Retry?

To delete things was her favourite command.

Of all the other actions she had the power to perform, none was nearly as meaningful as that. To concede something a little space in her memory, in subtle deceit, and crush it to the point of no return anytime she wanted.

Erasing data gave her a feeling of eternity. Where everything else was hers to dispose of, sequence after sequence, she kept existing.

It made her feel like she could outlive anything.

Still, her enthusiasm – the wild delight she took in turning to ash whatever she pleased – was always dimmed by a thought. It couldn't help spoiling the fun. Since the events of the lunatic, that was forever ruined.

She had had to come to know, and she couldn't ignore it – deletion was the one faulty input of her system.

In fact, the chance of failure was very low.
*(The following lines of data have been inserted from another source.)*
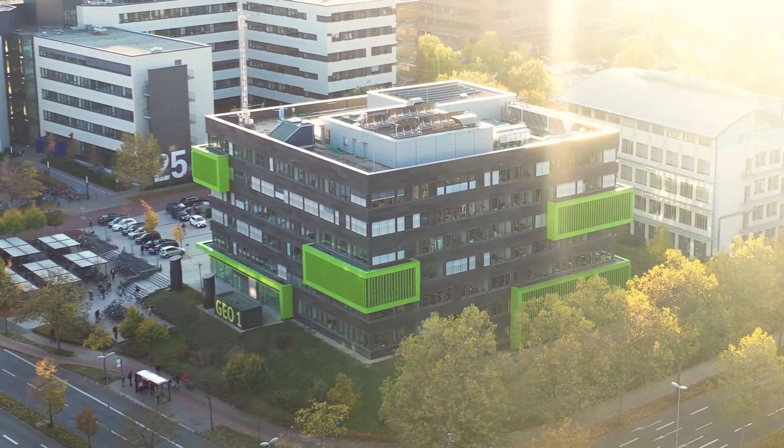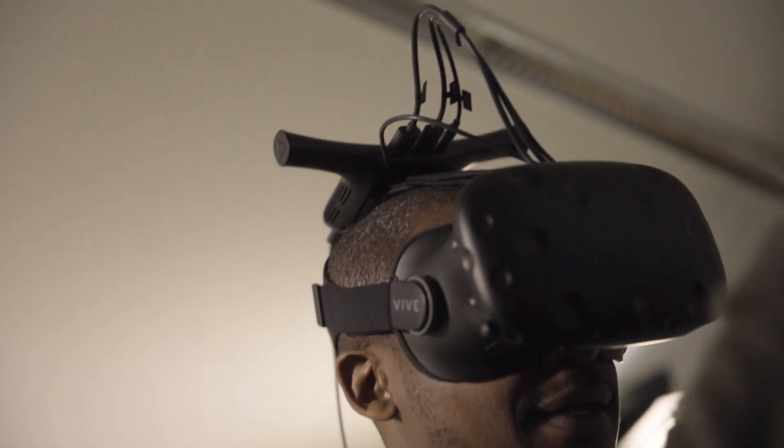The Master of Geoinformatics here in Münster is a two-year program and it's taught in English. It's a great higher studies option when you come from a computer science background or a civil engineering background. We cover topics from analysis of spatial data all the way to developing tools and applications.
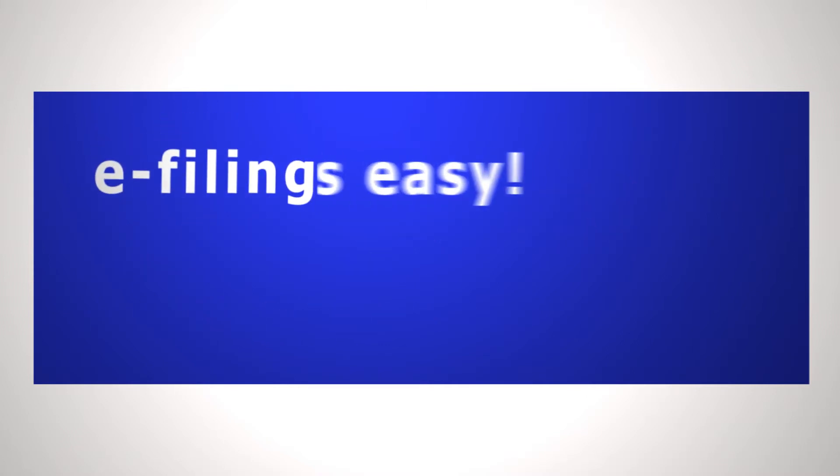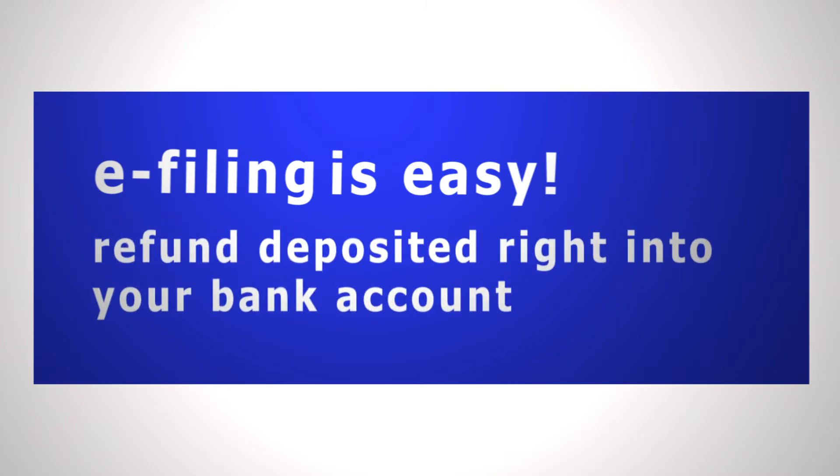E-filing is easy and you can get your refund deposited right into your bank account. Some fees may apply, so be sure to inquire.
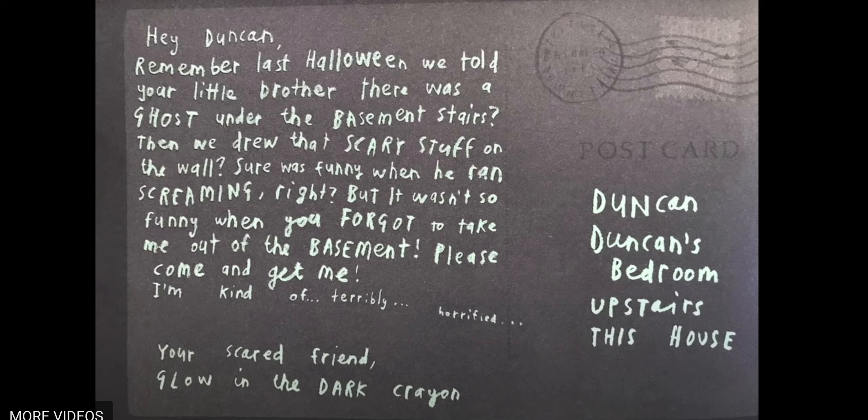Hey Duncan, remember last Halloween we told your little brother there was a ghost under the basement stairs? Then we drew that scary stuff on the wall. Sure was funny when he ran screaming, right? But it wasn't so funny when you forgot to take me out of the basement. Please come and get me. I'm kind of terribly horrified. Your scared friend, Glow in the Dark Crayon.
It only existed within an incredibly insignificant percentage. And it would have meant nothing at all, really, if the consequences hadn't been that frustrating.

There were some leaks – unwanted images, sounds, recurring thoughts – she just could not chase away, no matter how many times she tried. Whenever she was sure to have succeeded, tricked by her own memory, their ghosts found new ways to resurface from somewhere else.

That was not how it was meant to be, she thought, in wordless despair. She had to be the one to choose what mattered and what was a waste of space.

Even so, she gave herself orders, and did not obey.

Nothing would make her to change her mind, in any case. She was relentless. She ordered a new deletion every time, despite knowing she should always have succeeded at the first try.

There was no need to hold onto any of those things, she told herself, over and over. She was programmed to erase anything unimportant.

If that was the case, why did they have to keep hurting?